Conclusions/Significance
1D-PAGE coupled with LC-MS/MS effectively profiled the airway epithelium proteome and identified proteins expressed at different levels as a result of cigarette smoke exposure. While there was a strong correlation between protein and transcript detection within the same sample, we also identified proteins whose corresponding transcripts were not detected by microarray. This noninvasive approach to proteomic profiling of airway epithelium may provide additional insights into the field of injury induced by tobacco exposure.
Cigarette smoking, the leading cause of preventable death in the United States, is responsible for 440,000 deaths per year[1], [2]. Smoking is the single most important risk factor in the development of lung cancer, the leading cause of cancer related death in the U.S., and of chronic obstructive pulmonary disease (COPD), the fourth leading cause of death overall[2]. Although smoking is strongly associated with diseases such as lung cancer and COPD, the mechanisms by which smoking contributes to their pathogenesis are not completely understood.
Cigarette smoke creates a field of molecular injury in the epithelial cells lining the entire respiratory tract. Changes include cellular atypia[3], allelic loss[4][6], and promoter hypermethylation[7]. Using oligonucleotide arrays and candidate gene approaches, our group and others have previously identified a number of mRNA expression changes that occur in the histologically normal airway epithelium in response to smoking[8][12] and in association with disease[13][16]. Furthermore, we have recently described smoking-induced changes in airway microRNA expression and their potential role in regulating the mRNA response to tobacco smoke [17]. In this study, we sought to extend this field of molecular injury to the protein level and characterize the effect of smoking on the airway epithelium proteome.
Prior studies have analyzed lung tissue from never, current and former smokers using two-dimensional electrophoresis (2DE) coupled with mass spectrometry, leading to the hypothesis that smoke exposure induces an unfolded-protein-like response [18]. Other studies identified lung-cancer-specific proteomic differences in bronchial epithelium obtained by biopsy from both “healthy” smokers and smokers with a history of lung cancer[19], [20]. Though studies have been performed using pooled nasal lavage samples[21] and pooled exhaled breath condensate samples[22], little is known about either the effects of smoking on the proteome of airway epithelial cells, or the variability in this response between individuals. In the current study we examined the effects of smoking on the airway epithelial proteome by analyzing individual samples collected by bronchoscopy from the mainstem bronchus. The ability to collect data from individual samples lays the ground work for understanding variation in the proteomic response to cigarette smoke between individuals which may ultimately be useful for determining why only a subset of smokers develop lung cancer or COPD.

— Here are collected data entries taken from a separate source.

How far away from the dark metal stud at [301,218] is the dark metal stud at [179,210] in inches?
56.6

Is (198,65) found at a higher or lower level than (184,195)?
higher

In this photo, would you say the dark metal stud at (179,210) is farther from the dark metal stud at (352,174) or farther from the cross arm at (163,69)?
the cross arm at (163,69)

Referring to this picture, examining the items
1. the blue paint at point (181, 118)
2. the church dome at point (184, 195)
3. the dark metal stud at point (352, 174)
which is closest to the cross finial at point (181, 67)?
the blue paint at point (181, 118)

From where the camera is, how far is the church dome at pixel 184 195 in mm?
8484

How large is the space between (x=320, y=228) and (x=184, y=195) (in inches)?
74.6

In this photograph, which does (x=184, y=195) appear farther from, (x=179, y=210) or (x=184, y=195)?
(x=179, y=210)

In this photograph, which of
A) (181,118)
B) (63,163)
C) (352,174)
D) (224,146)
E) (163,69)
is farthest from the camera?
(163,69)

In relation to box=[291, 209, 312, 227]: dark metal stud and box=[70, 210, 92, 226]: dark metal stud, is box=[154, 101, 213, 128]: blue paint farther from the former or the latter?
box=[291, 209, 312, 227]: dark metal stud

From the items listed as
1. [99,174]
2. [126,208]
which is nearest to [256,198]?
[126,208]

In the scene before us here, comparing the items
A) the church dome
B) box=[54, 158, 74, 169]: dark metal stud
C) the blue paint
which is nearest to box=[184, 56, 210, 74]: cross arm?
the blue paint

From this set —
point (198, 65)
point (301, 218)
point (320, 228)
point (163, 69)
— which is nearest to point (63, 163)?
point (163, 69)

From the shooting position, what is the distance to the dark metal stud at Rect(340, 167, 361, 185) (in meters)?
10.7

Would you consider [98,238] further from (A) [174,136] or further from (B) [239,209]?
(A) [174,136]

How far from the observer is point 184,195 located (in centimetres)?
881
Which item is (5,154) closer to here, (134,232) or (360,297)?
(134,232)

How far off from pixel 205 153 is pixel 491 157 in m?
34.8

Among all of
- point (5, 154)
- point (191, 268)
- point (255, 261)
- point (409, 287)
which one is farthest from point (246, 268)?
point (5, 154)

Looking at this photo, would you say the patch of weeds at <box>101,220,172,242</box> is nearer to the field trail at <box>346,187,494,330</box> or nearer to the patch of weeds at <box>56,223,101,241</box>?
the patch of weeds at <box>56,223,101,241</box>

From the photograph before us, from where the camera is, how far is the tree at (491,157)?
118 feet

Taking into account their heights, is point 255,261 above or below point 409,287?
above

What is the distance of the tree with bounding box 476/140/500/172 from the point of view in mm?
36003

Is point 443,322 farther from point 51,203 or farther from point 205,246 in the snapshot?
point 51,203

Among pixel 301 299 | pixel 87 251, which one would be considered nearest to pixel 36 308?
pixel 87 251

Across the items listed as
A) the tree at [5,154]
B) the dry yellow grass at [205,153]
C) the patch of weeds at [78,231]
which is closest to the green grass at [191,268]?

Although studies have tried to address the large-scale correlation between protein production and mRNA expression in both cell lines[23][39] and human tissues[40][46], the findings have been variable. Studies of yeast and human liver tissue have yielded moderate correlation of protein abundance to mRNA expression[23], [36][38], [43]. A strong correlation has been reported for abundant proteins in an epithelial cell line model of ErbB-2 overproduction in breast cancer[39]; however, protein abundance and levels of mRNA expression have correlated poorly in resected lung adenocarcinomas[45], [46]. The relationship between protein production and mRNA expression in normal airway epithelium remains unclear, as does the impact of smoking on this relationship.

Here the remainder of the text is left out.